Sí, con la misma exigencia: obligaciones sociales y medioambientales honradas, acompañamiento real de los trabajadores, revitalización si procede.

¿El directivo gestiona las autoridades y las administraciones locales?

Sí: ICPE, permisos, ayudas a la implantación y relaciones con las administraciones locales forman parte del perímetro de misión.

¿Y las cualificaciones de cliente (IATF, EN 9100, GMP…)?

Están en el camino crítico y se preparan desde el primer día: expedientes, ensayos, auditorías — nunca al final del proyecto.

Los dos riesgos mayores de un traslado o de una creación de planta

El primer riesgo, casi siempre subestimado en la planificación inicial, es normativo: la autorización de explotación en virtud de las Instalaciones Clasificadas para la Protección del Medio Ambiente (ICPE), cuando es exigible, sigue un calendario administrativo que no se negocia al mismo ritmo que una obra de construcción.
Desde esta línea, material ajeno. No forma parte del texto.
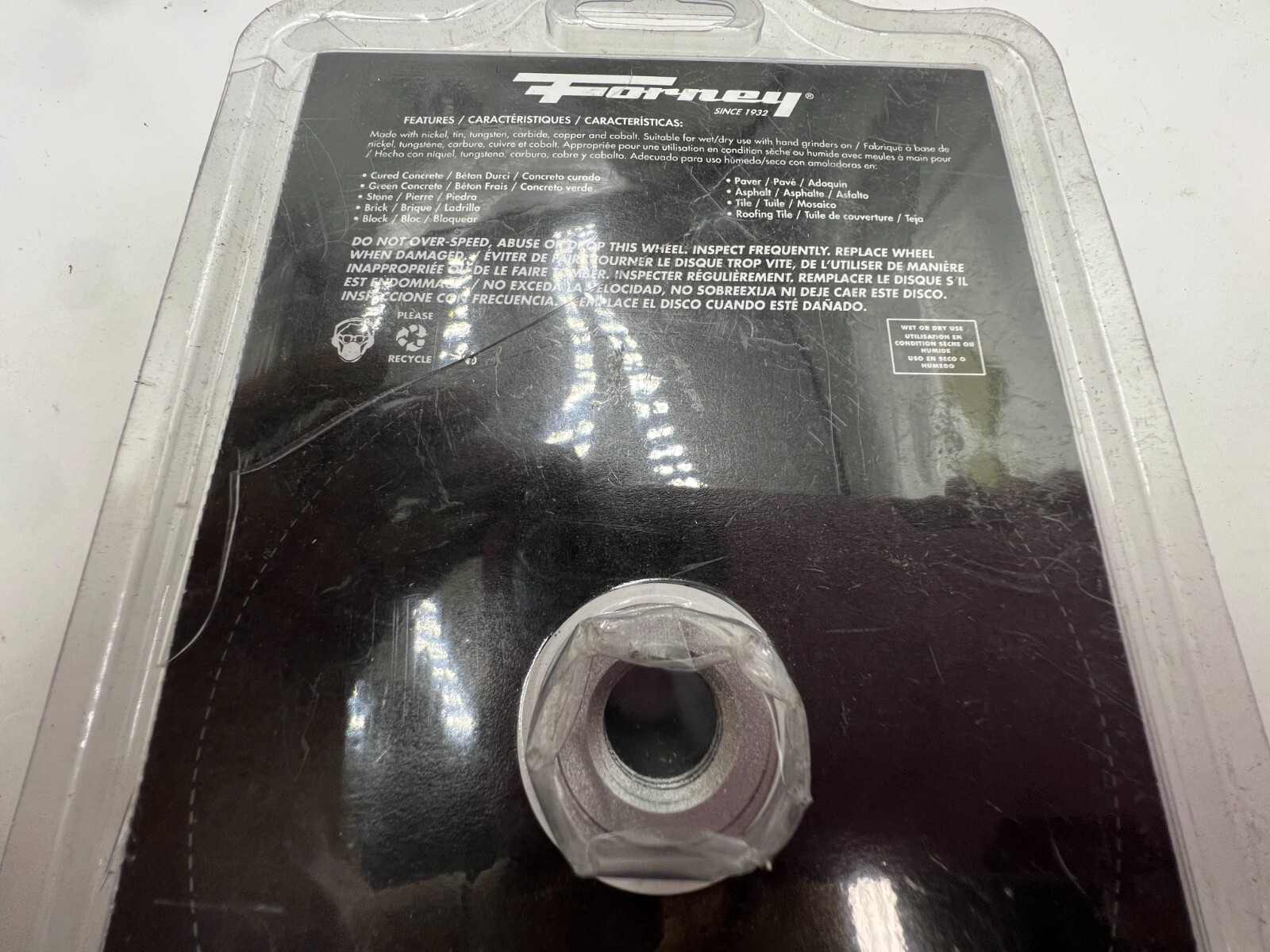 Forney 4” (100mm) x 5/8″ – 11 Diamond Cup Wheel Wet Or Dry Use 15000 RPM Max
Un directivo de transición con experiencia secuencia su proyecto en torno a esos hitos normativos con prioridad, y no en torno a la sola planificación de construcción, para evitar que un edificio terminado quede parado por falta de la autorización de explotación.

El segundo riesgo afecta específicamente a los traslados de planta: mantener la producción en la planta antigua mientras la nueva sube en carga supone funcionar por duplicado durante un periodo transitorio costoso, que cada semana adicional encarece. El momento del cambio — el traslado efectivo de la producción de una planta a otra — constituye el punto de riesgo máximo del proyecto, e impone un plan de repliegue documentado por si el aumento de cadencia de la nueva planta llevara más tiempo del previsto, para no encontrarse nunca sin solución de producción ante un imprevisto.